Colin Alexander "Collie" Campbell (17 January 1901 – 25 December 1978) was a Canadian mining engineer, politician and curling administrator. Campbell was the president of the International Curling Federation from 1968 to 1978 and served as a Liberal Party member of the House of Commons of Canada. He was born in Shedden, Ontario.

==Biography==
Campbell attended school at Lawrence Station and high school in Dutton before further studies at Queen's University. His father was active in local politics for more than three decades.

He was elected to Parliament at the Frontenac—Addington riding in a by-election on 24 September 1934 and re-elected in the 1935 federal election.

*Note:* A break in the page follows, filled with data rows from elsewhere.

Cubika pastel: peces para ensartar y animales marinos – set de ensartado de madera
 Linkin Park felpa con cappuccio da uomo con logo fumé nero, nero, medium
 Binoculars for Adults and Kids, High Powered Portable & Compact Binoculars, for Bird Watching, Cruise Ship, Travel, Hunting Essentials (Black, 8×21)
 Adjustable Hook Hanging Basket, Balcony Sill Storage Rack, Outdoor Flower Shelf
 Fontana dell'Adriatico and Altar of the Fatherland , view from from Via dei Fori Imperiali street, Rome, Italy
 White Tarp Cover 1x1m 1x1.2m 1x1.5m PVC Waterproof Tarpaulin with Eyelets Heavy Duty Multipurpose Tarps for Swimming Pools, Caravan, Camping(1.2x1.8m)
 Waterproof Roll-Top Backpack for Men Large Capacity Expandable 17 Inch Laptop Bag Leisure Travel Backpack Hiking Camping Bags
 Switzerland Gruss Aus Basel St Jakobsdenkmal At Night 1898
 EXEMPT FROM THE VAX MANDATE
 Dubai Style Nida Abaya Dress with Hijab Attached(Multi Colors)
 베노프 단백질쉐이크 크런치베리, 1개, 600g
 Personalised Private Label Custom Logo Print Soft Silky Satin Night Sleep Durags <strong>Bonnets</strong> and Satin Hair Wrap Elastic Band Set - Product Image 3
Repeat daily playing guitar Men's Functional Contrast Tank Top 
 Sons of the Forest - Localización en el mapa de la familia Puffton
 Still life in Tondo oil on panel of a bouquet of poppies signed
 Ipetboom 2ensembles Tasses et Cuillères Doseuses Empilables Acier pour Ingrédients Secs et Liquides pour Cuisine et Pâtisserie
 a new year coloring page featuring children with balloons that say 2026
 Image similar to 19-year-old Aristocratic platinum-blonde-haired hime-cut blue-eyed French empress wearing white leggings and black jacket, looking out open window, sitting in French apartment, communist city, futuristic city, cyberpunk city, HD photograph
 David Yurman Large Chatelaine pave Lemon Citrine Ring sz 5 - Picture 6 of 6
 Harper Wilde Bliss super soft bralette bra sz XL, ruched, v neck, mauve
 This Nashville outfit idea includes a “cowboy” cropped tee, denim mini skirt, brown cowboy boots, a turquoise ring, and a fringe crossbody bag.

Campbell resigned on 11 August 1937 before the end of the 18th Canadian Parliament to enter provincial politics at the 1937 Ontario election. He was defeated on election day in the provincial district of Addington, but subsequently contested a by-election in Sault Ste. Marie after newly elected member Richard McMeekin resigned. He served as Minister of Public Works under premier Mitchell Hepburn, but left provincial politics at the 1943 Ontario election. He returned to stand in the 1947 Ontario Liberal leadership convention but lost to Farquhar Oliver.

Campbell served with the Royal Canadian Engineers during World War II and was awarded the Order of the British Empire in 1943 and the Distinguished Service Order in 1945.

Following his time in office, Campbell served as president of the Northern Ontario Curling Association, and then president of the Canadian Curling Association from 1947 to 1948 and the International Curling Federation (now the World Curling Federation) from 1968 until his death in 1978. He was inducted into the Canadian Curling Hall of Fame in 1973, and the WCF Hall of Fame in 1990. The Collie Campbell Memorial Award for sportsmanship at the World Men's Curling Championship is named in his honour. On the ice, he played lead for Ontario at the 1951 Macdonald Brier, Canada's national men's curling championship.

==Personal life==
Campbell was married to Vera Smith and had five children. He died at the Toronto General Hospital.